The World Bank’s Report on Poverty and Shared Prosperity 2018 is titled: Piecing together the Poverty Puzzle.
In his Foreword, the outgoing WB President Jim Yong Kim points out that the world had impressively got its act together in implementing the Millennium Development Goals to bring down extreme poverty from 33% in 1990 to 10% in 2015. He is sure that global efforts will continue under the new Sustainable Development Goals, to reduce extreme poverty to less than 3% percent by 2030.
He goes on to point out that most of the world’s poor now live in middle-income countries, and research indicates that those countries tend to have a more demanding view of poverty. Drawing on national poverty lines, the World Bank now also report poverty rates at two higher thresholds—$3.20 per day and $5.50 per day—which are typical of standards in lower-middle-income countries, like India, and upper-middle-income countries, like China.
These higher-valued poverty lines reflect social assessments of what defines minimum basic needs in countries at these income levels. As may be expected, these two standards for measuring poverty portray a less encouraging picture of the level of well-being in the world relative to the measure of extreme poverty, which is forecast now to be in single digits. Nearly half the world (46 percent) lives on less than US$5.50 per day, a standard that defines poverty in a typical upper-middle income country, while a quarter of the world lives on less than US$3.20 per day.
The Societal Poverty Line (SPL) to measure poverty relative to the standard of that society is a combination of the absolute income-based poverty line (IPL), and a poverty line that is relative to the median consumption (or income) level of each country. Specifically, it is equal in value to either the IPL or US$1.00, plus half of daily median consumption in the country, whichever is greater. This means that, for the poorest of countries, the value of the SPL will never be less than the IPL, although after a certain point, as countries get richer, the value of the SPL will increase as the consumption level of the median individual in that country increases.
This increasing value of the SPL corresponds with the fact that the value of national poverty lines typically increases as countries grow richer. In fact, the SPL is constructed in such a way that it directly corresponds to the average value of national poverty lines at different levels of (median) consumption for each country of the world. In this sense, societal poverty provides a global measure of poverty that corresponds on average with how all countries of the world define being poor.
When poverty is defined this way, the number of people who are poor stood at 2.1 billion as of 2015, almost three times more than those living under the US$1.90 level.
This Report also presents the World Bank’s first exercise in multidimensional global poverty measurement to account for multiple and overlapping components of poverty.

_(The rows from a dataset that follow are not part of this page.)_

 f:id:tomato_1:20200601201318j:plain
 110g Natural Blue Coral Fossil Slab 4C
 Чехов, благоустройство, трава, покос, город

The multidimensional approach highlights how the ways deprivations interact vary widely from country to country, and can be extended to include, in addition to education and access to basic infrastructure services, two other dimensions: health and nutrition, and security from crime and natural disaster. (See: Dimensions of Urban Poverty).

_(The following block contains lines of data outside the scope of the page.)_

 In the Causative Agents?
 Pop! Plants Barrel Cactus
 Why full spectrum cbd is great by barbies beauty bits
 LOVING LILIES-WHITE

Including additional dimensions of deprivation in measures of poverty can provide valuable insight into how policies can be directed to have the most effect on poverty. The profile of the poor can change as we take a multidimensional view of poverty – as becomes starkly evident in the South Asian Region.

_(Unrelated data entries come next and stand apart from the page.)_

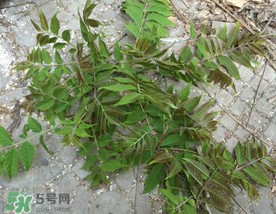 香椿長什么樣子？香椿長在什么地方？
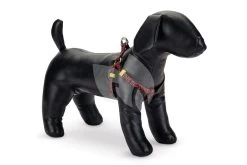 Beeztees Hondentuig Nylon Scribbles 60-100cm Zwart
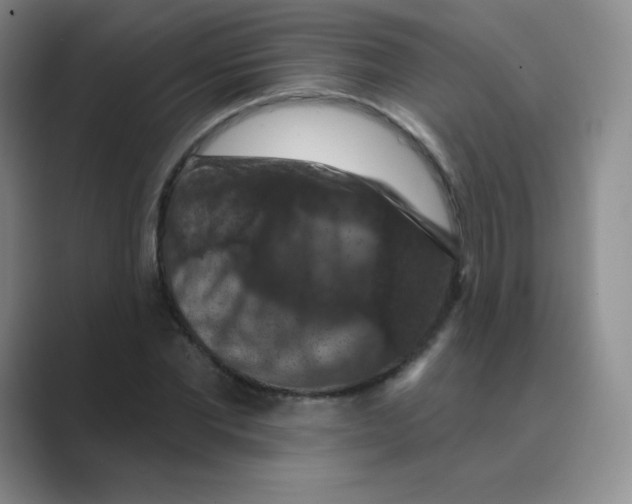 X0000088690877200706282000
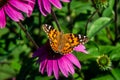 Echinacea flower, Cone-flowers with butterfly on. Royalty Free Stock Photo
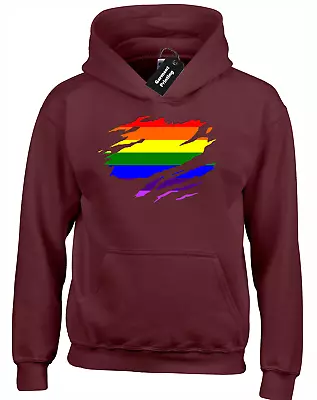 Buy Pride Slash Hoody Hoodie Gay Lesbian Pride Lgbt Rainbow Fashion Love Top (col) • 16.99£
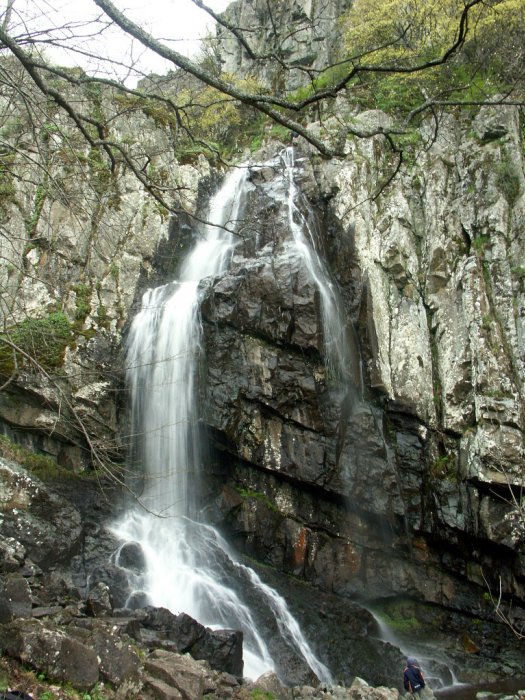 0060_PICT9286.jpg
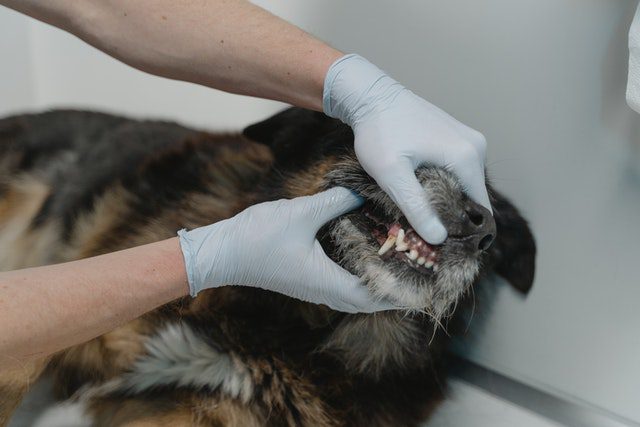 Pet dental check-up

In this regard, the World Bank was anticipated by pioneers of the Sustainable Livelihoods approach, which looks at 5 types of capital available to an individual or a community, and it is the sufficiency or insufficiency of these ‘capitals’ which determine the extent and expanse of one’s livelihood polygon. This can be a great tool to decide the relative focus on various aspects of a poverty alleviation programme. In slum rehabilitation for instance, emphasis seems to be on providing basic physical infrastructure (water, roads, drains) while totally neglecting human development aspects of health and education. As a result, the livelihood polygon of the slum-dweller remains narrowly restricted, and the poverty becomes endemic as it passes from generation to generation (See Sustainable Livelihoods).